-- Your instructions --
Could you repeat exactly the lines from the one containing "Continuing the YouTube" through the last line of the records, with no pictures?

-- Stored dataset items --
..............................
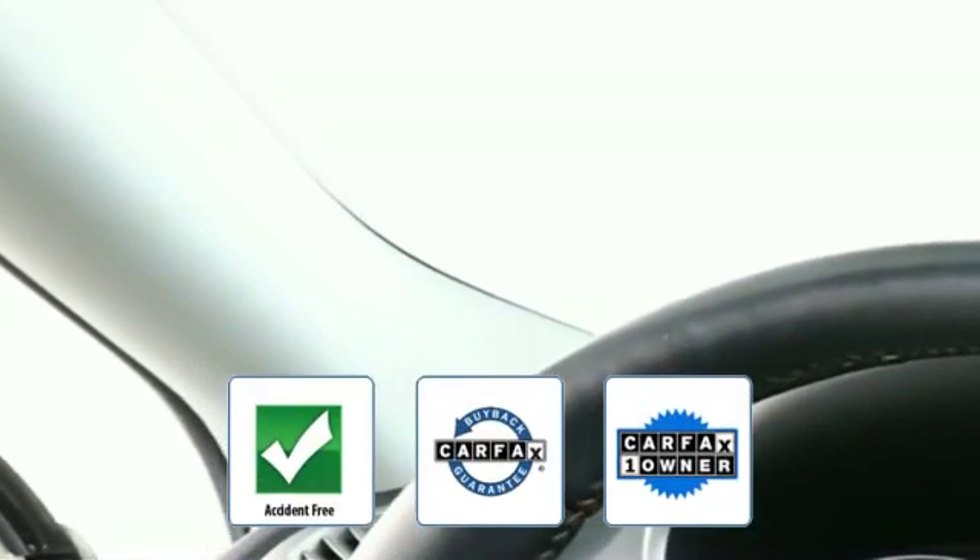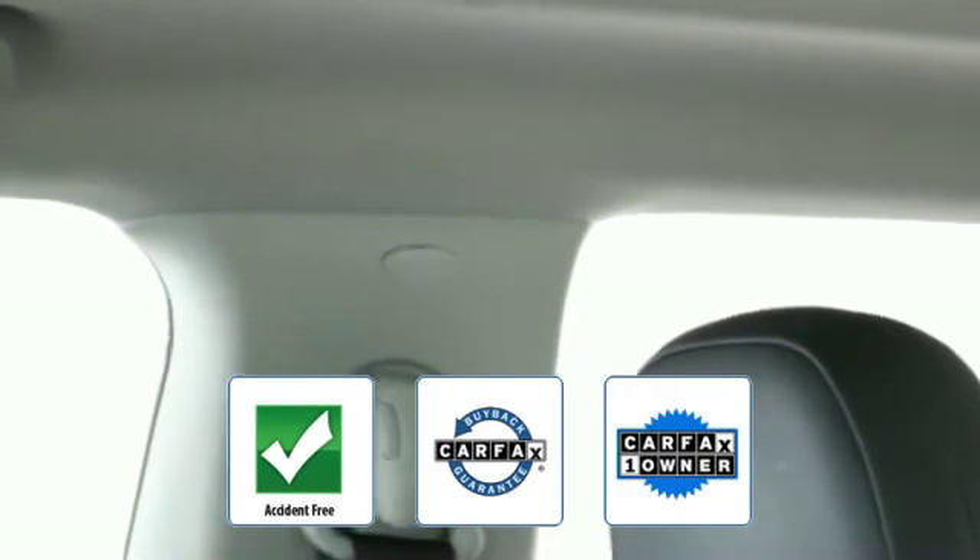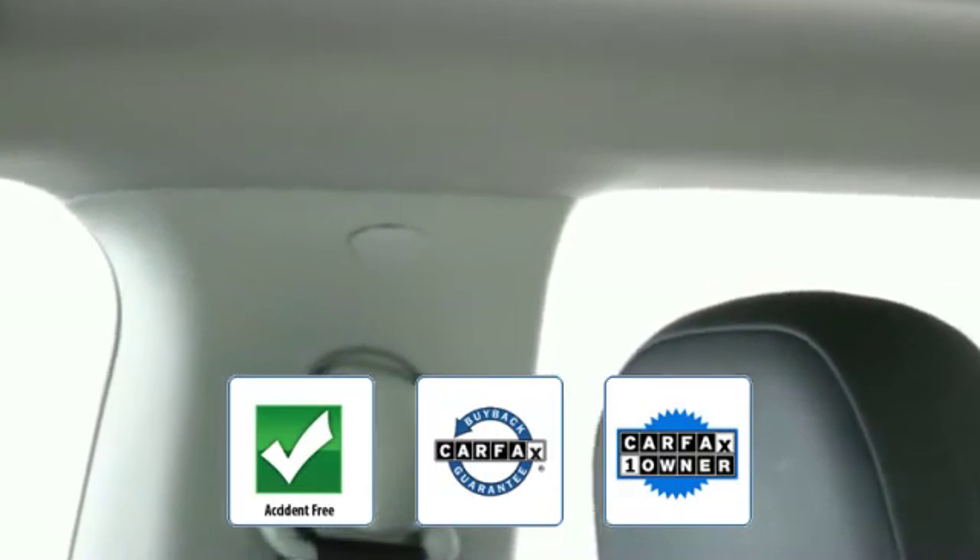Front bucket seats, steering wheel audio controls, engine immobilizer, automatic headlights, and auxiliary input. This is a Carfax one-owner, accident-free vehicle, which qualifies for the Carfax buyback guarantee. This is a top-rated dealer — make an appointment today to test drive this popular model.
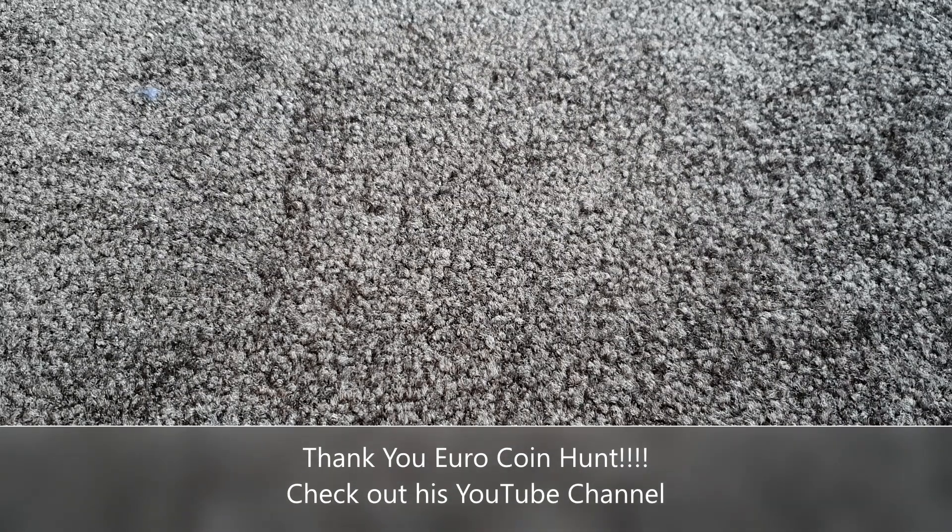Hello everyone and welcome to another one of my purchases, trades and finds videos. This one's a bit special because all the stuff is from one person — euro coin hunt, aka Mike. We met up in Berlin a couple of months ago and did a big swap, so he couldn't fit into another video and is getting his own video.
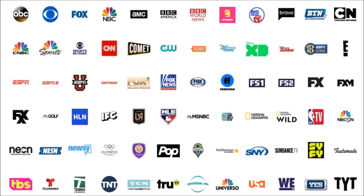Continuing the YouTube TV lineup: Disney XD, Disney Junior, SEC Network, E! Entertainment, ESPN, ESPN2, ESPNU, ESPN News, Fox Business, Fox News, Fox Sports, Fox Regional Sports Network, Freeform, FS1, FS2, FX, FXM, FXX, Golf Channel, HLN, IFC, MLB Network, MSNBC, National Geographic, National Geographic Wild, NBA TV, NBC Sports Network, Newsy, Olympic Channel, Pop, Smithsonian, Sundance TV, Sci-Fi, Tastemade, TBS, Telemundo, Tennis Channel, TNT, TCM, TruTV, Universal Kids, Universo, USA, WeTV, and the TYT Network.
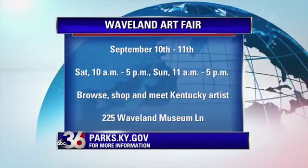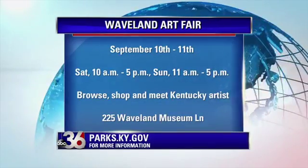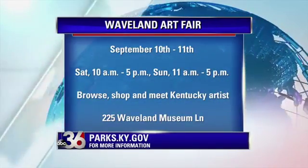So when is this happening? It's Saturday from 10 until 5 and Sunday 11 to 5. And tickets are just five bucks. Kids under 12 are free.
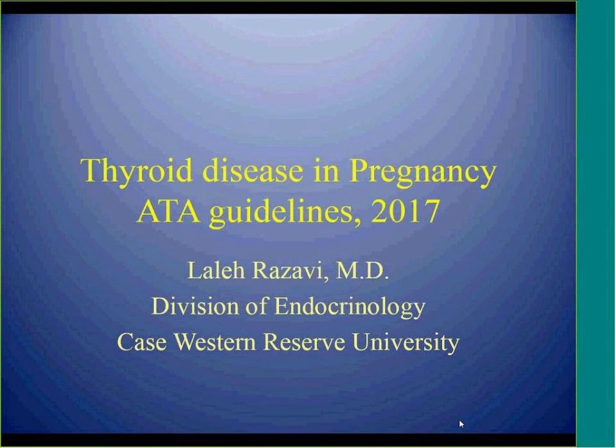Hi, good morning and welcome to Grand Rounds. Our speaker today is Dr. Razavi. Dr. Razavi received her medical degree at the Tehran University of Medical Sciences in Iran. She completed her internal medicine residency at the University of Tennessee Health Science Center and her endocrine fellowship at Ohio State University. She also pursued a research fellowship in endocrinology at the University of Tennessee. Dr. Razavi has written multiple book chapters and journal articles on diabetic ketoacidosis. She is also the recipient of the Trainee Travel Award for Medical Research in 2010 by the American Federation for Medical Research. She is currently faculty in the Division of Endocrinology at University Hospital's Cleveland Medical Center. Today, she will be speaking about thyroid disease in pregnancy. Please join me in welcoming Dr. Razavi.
..............................
-- Response to the task --
Continuing the YouTube TV lineup: Disney XD, Disney Junior, SEC Network, E! Entertainment, ESPN, ESPN2, ESPNU, ESPN News, Fox Business, Fox News, Fox Sports, Fox Regional Sports Network, Freeform, FS1, FS2, FX, FXM, FXX, Golf Channel, HLN, IFC, MLB Network, MSNBC, National Geographic, National Geographic Wild, NBA TV, NBC Sports Network, Newsy, Olympic Channel, Pop, Smithsonian, Sundance TV, Sci-Fi, Tastemade, TBS, Telemundo, Tennis Channel, TNT, TCM, TruTV, Universal Kids, Universo, USA, WeTV, and the TYT Network.
So when is this happening? It's Saturday from 10 until 5 and Sunday 11 to 5. And tickets are just five bucks. Kids under 12 are free.
Hi, good morning and welcome to Grand Rounds. Our speaker today is Dr. Razavi. Dr. Razavi received her medical degree at the Tehran University of Medical Sciences in Iran. She completed her internal medicine residency at the University of Tennessee Health Science Center and her endocrine fellowship at Ohio State University. She also pursued a research fellowship in endocrinology at the University of Tennessee. Dr. Razavi has written multiple book chapters and journal articles on diabetic ketoacidosis. She is also the recipient of the Trainee Travel Award for Medical Research in 2010 by the American Federation for Medical Research. She is currently faculty in the Division of Endocrinology at University Hospital's Cleveland Medical Center. Today, she will be speaking about thyroid disease in pregnancy. Please join me in welcoming Dr. Razavi.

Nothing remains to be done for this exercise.